The American Bankruptcy Institute predicted that 1.6 million people would file for bankruptcy in 2010. But by the end of June, there were already more than 1.5 million consumer bankruptcies, pushing filings to levels not seen since the substantial 2005 changes to bankruptcy law.
If you are one of the millions considering bankruptcy, your credit score should be the least of your concerns; you can repair your credit after bankruptcy. In many cases, your credit score actually improves after filing because you are no longer saddled with debt. You can also improve your credit by reviewing your credit reports, obtaining new lines of credit and working with an attorney.

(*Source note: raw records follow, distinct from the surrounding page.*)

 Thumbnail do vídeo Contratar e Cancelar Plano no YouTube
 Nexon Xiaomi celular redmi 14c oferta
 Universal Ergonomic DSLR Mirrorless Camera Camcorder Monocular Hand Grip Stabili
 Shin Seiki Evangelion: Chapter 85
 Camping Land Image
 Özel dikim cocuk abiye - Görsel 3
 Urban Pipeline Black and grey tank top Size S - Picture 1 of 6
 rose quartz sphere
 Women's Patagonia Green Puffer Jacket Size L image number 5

Review Your Credit Reports
First, review your credit reports for accuracy. Debts that are liquidated as part of the bankruptcy should be properly designated; thus, when potential lenders run your credit reports, they will know that these debts have been discharged and that you are no longer responsible for them. It is also important to check your credit reports periodically and review for errors. You can then request that any errors be removed.
Obtain New Credit Lines
Next, obtain a new line of credit in the months following your bankruptcy. This is an important step to repairing your credit. You may not be able to obtain a substantial line of credit at first. Start small and make regular payments on it, keeping the overall balance relatively low.

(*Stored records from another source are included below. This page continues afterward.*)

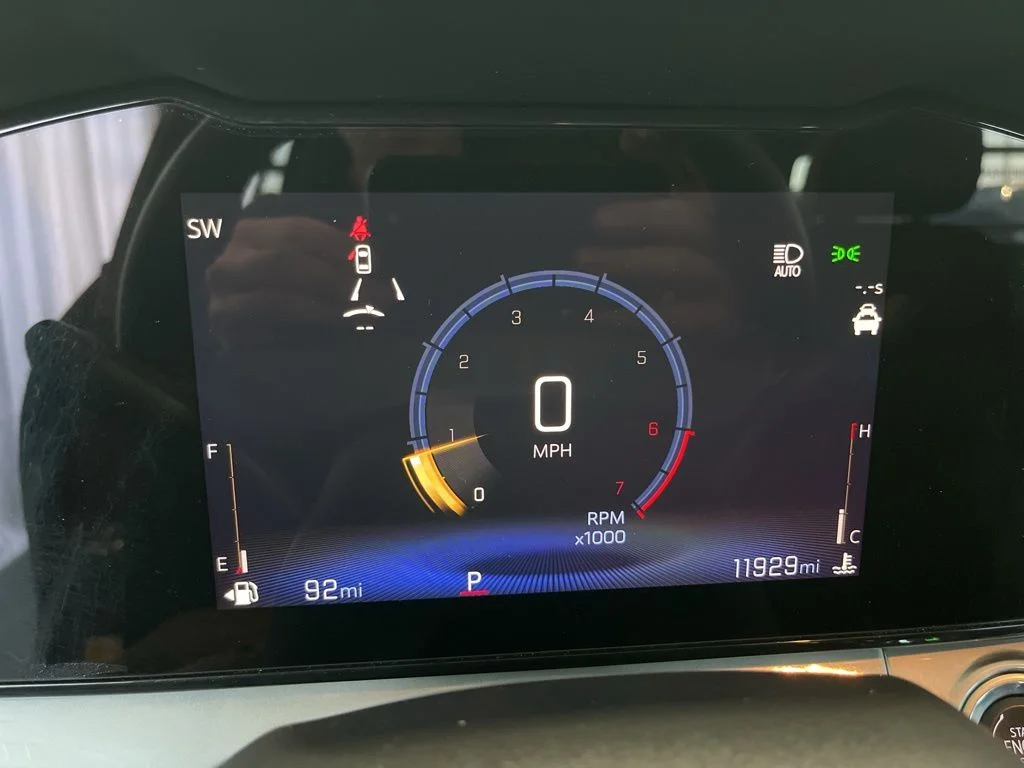 Used 2025 Red Chevrolet LT image 8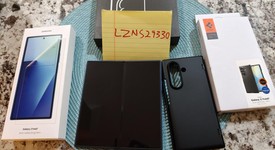 Good
													Samsung Galaxy Z Fold7 - Unlocked, Blue Shadow, 1 TB, 16 GB, SM-F966U1, photo 2 of 12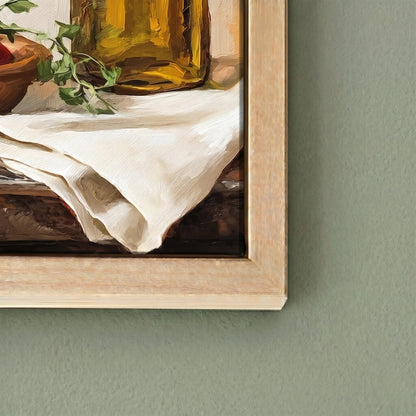 Italian Kitchen Still Life Framed Canvas — view 6 of 19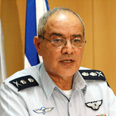 חלוץ. תפיסה כחולה צילום: ניב קלדרון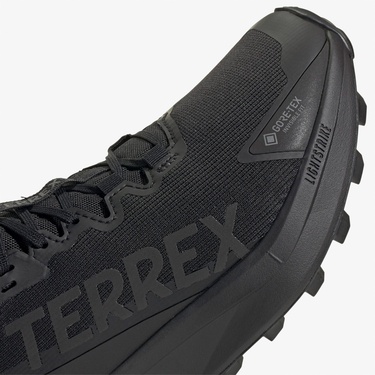  adidas Terrex Agravic Gore-Tex Erkek Siyah Koşu Ayakkabısı
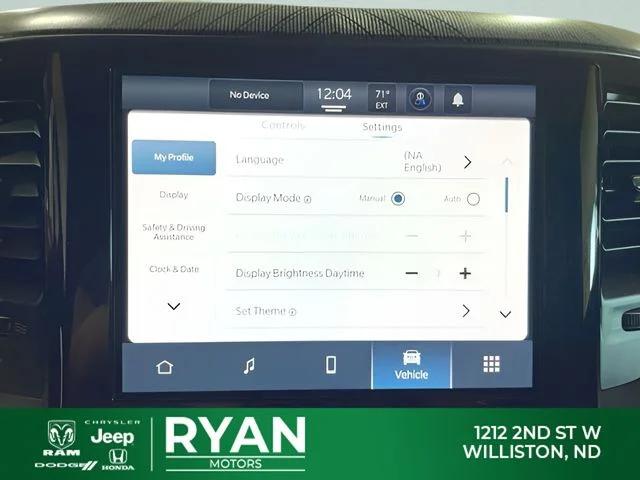 2025 Ram 1500 Big Horn Crew Cab 4x4 5'7" Box
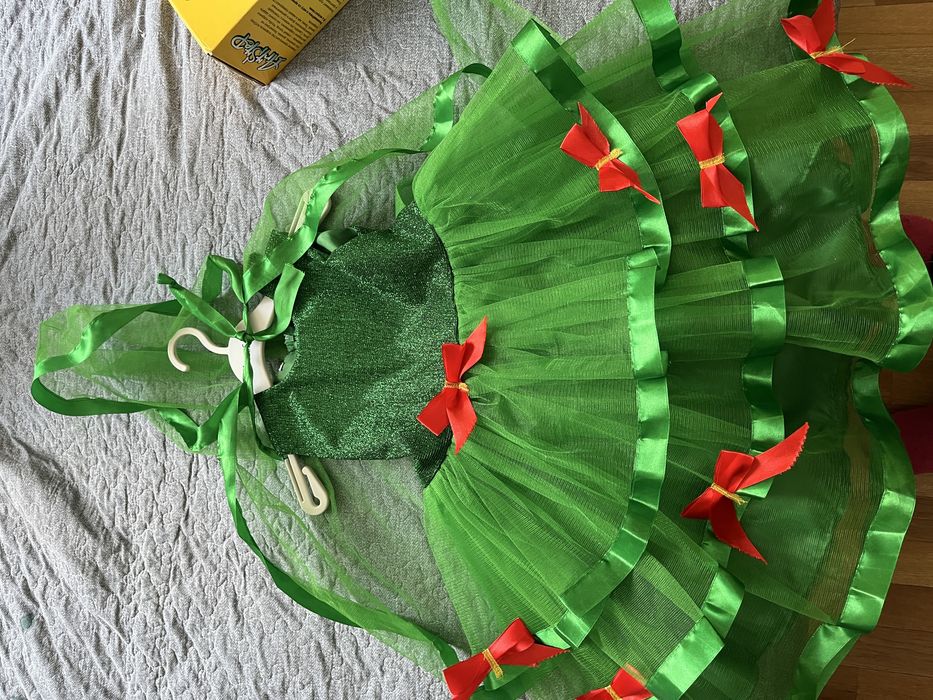 Платье ёлочка 104 размер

An unsecured credit line is ideal, but those offers may be a year or two away after bankruptcy. A secured credit card is a good alternative, in which the amount of credit is equal to the amount of money you deposit at the bank.

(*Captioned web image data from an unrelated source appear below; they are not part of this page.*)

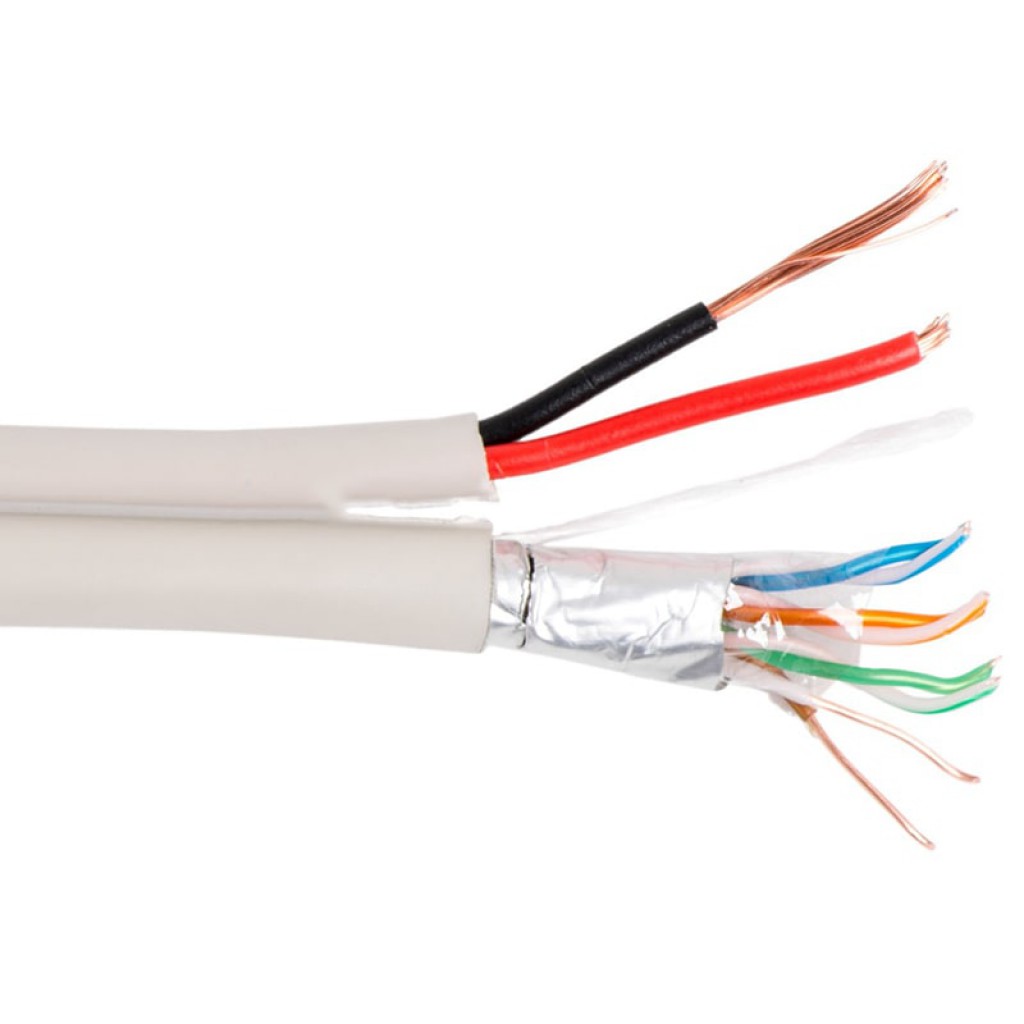 FTP 5E 4х2х0.5 + 2х0.75 кабель витая пара Eletec (200 м)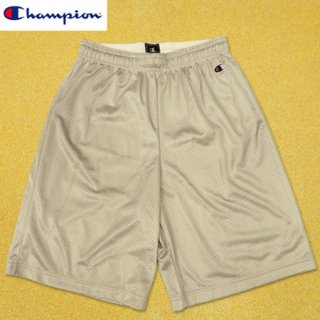 <img class='new_mark_img1' src='https://img.shop-pro.jp/img/new/icons1.gif' style='border:none;display:inline;margin:0px;padding:0px;width:auto;' />Champion Polyester Mesh Shorts Athletic Grey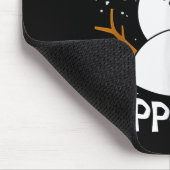 Snow Day Suprter Snowflake Funny Teacher Christmas マウスパッド (コーナー)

If you obtain a secured credit line, be sure to speak with the card issuer to ensure that the payment history on your card will be reported to all three major credit bureaus. Your credit score will not improve if the payments are not reported to the bureaus.
Some secured cards will reward you for timely payments and automatically convert into an unsecured card after 12 to 18 months, but be sure to avoid cards with overly expensive upfront or annual fees. Especially watch out to ensure your charges do not exceed the approved credit line or additional fees will occur. Remember, these credit cards are there to make money from those consumers that make unwise choices or fail to monitor their account(s) closely. By keeping your purchases small and paying your entire balance at the end of each month, you can keep on building your credit and minimize any extra fees paid to these cards.
Work With An Attorney
Lastly, it can take from seven to 10 years for your credit reports to stop indicating that you once filed for bankruptcy, but that shouldn't stop you from filing if bankruptcy is truly in your best interests. Remember that ANY derogatory credit stays with you for AT LEAST that long. A charged-off credit card will continue to be a drag on your credit for several years and in many cases will only be removed from your credit report once the debt is paid in full or settled.
Speak with an attorney to help you decide. And if there are problems with your credit, like errors on your reports or other problems caused by debt, a lawyer can help provide financial solutions through a comprehensive audit.